Anonymous wrote:
Anonymous wrote:If you've been following this thread, pretty much any Southern naming traditions are viewed as pretentious or trashy on DCUM. Ignore it. Don't take advice from Jersey Shore wannabes.
But you have no stereotyping or class issues, PP. None. (And you weirdly assume that everyone here is a "Jersey Shore wannabe"? Whoosh to your reading skills, lady.)
I like Hutchings, although I think it would be misheard as Hutchens or Hitchens a lot.
Just so you know, although I've been accused of being hilariously pretentious on this thread, I am the person who mentioned "Hutchings" and I am not the person who called anyone a "Jersey Shore Wannabe", because that would be rude, I am a southerner with good breeding and I do not say "bless your heart".

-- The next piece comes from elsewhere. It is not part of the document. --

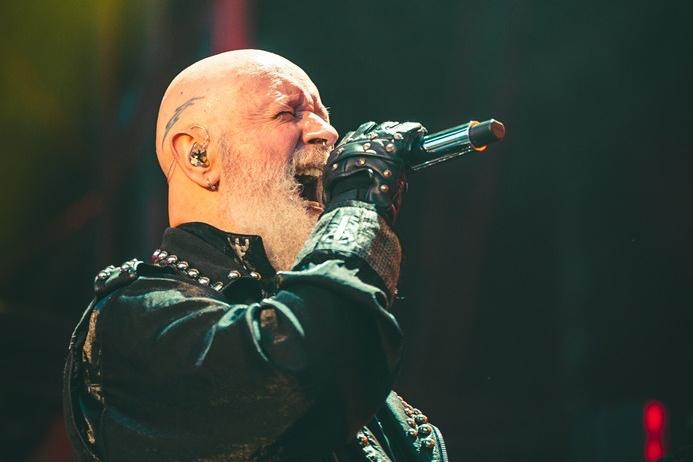 Frontman Rob Halford in good voice. photo: Cuffe & Taylor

As a many generation southerner from a very long line of people with recycled given and sur- names, I disagree that this practice, in and of itself, is pretentious - it's not an affectation I adopted in order to have some pretense to a background I don't have - I literally didn't ask for it and it is my actual background. That doesn't make me a better or more worthy person than anyone else from any other background. It does mean that I'm not being "pretentious" when I (re)use what are really my family names.
Pretension is putting on airs - adopting superficial totems of another in order to try to claim "belonging". It is pretentious when white boys from Chevy Chase adopt hip-hop names and talk like they are from east of the park (or east of the Anacostia). It's pretentious when manassaholes put brick gateposts up out in front of their modular unit and name their kids Carrington.
I mentioned a few names I really like, but would never give my child, because they would be a pretension - for example, suggesting French heritage. I'm a francophile and I think they're great names, but I'm not of French descent.